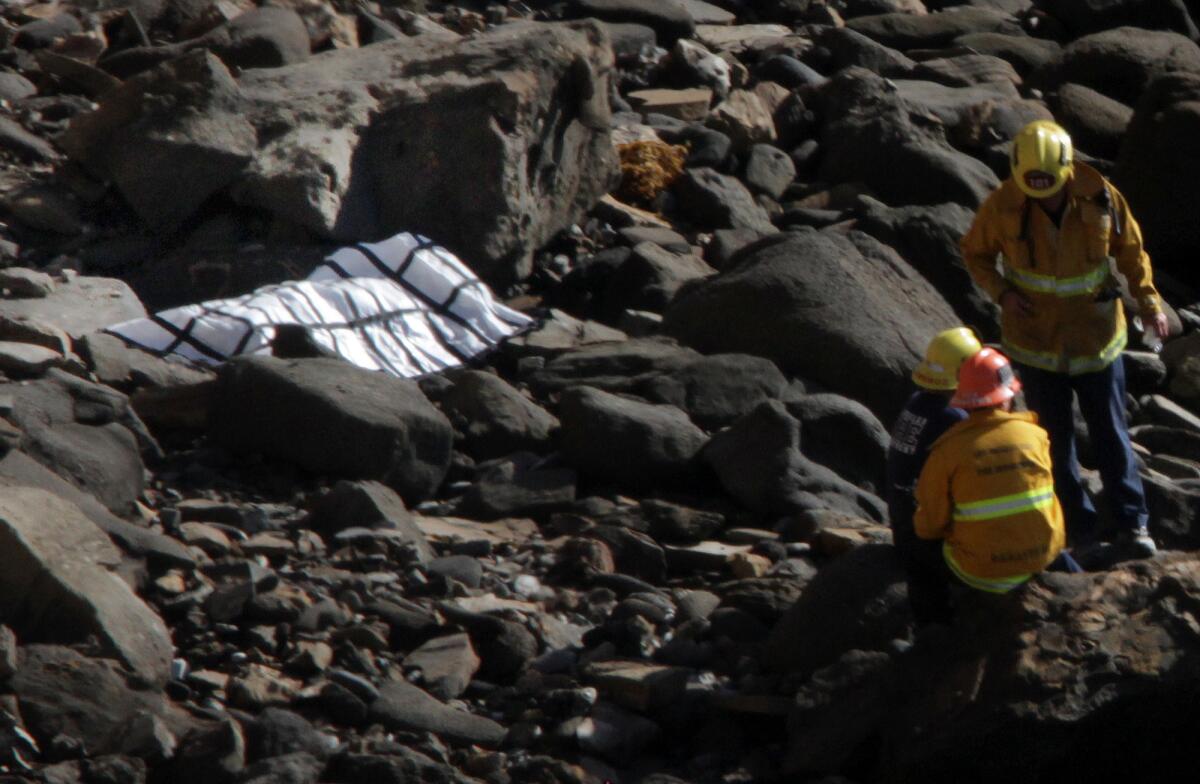 Rescue personnel watch over a body found at the foot of a 150-foot cliff at Point Fermin in San Pedro.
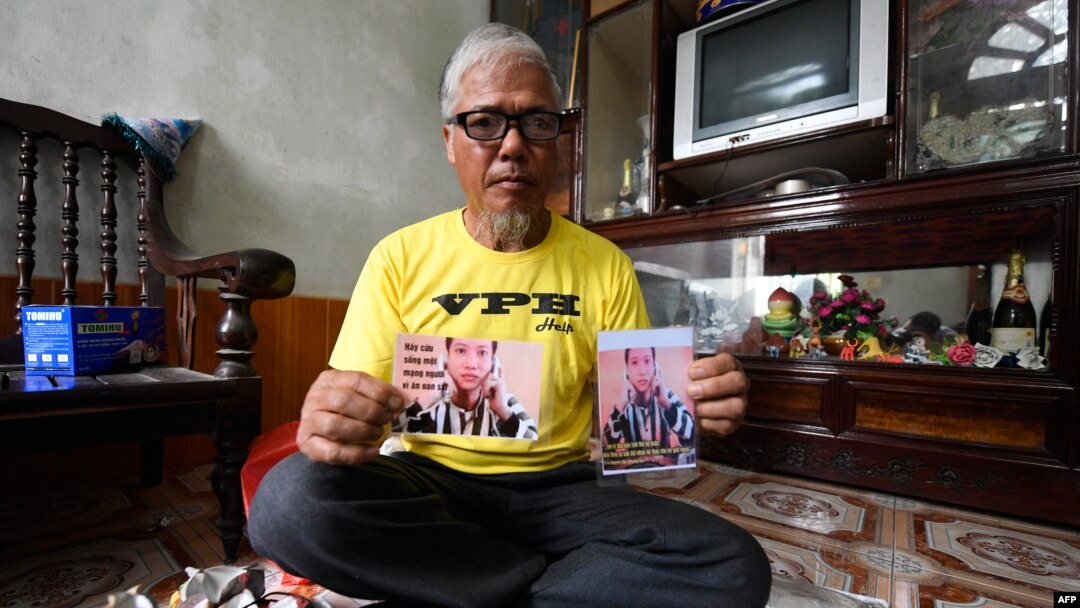 FILE - This picture taken on April 24, 2018 shows Nguyen Truong Chinh displaying portraits of his son and death row inmate Nguyen Van Chuong during an interview with AFP at his home in Hai Duong, Vietnam. 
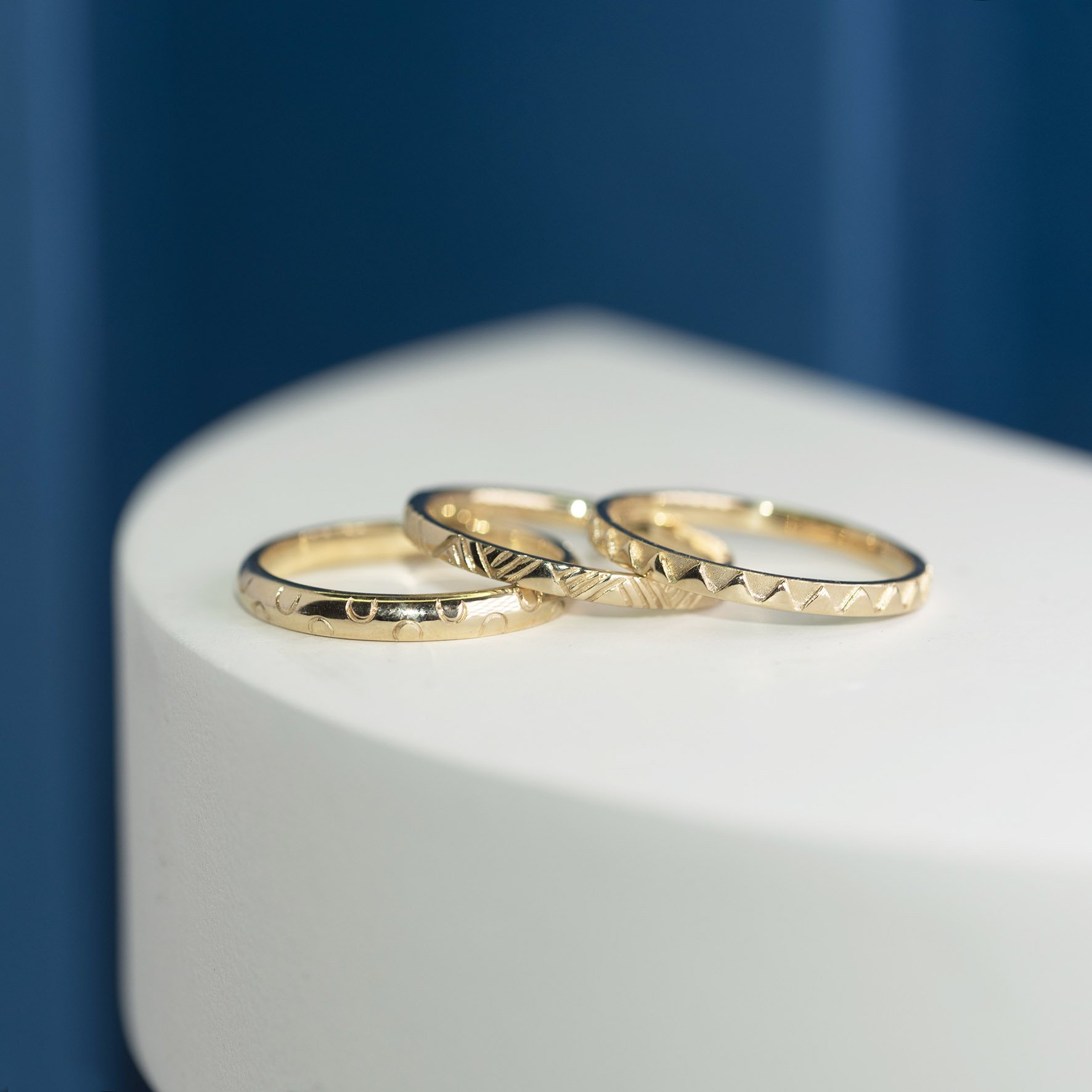  Three bespoke, slim, gold wedding bands all with slightly different subtle graphic patterns on the outside.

* [INSTRUCTIONS TO FOLLOW] Retype the listing exactly. Leave out its pictures.

* [OUTPUT OF THE EXERCISE]
 Rescue personnel watch over a body found at the foot of a 150-foot cliff at Point Fermin in San Pedro.
 FILE - This picture taken on April 24, 2018 shows Nguyen Truong Chinh displaying portraits of his son and death row inmate Nguyen Van Chuong during an interview with AFP at his home in Hai Duong, Vietnam. 
  Three bespoke, slim, gold wedding bands all with slightly different subtle graphic patterns on the outside.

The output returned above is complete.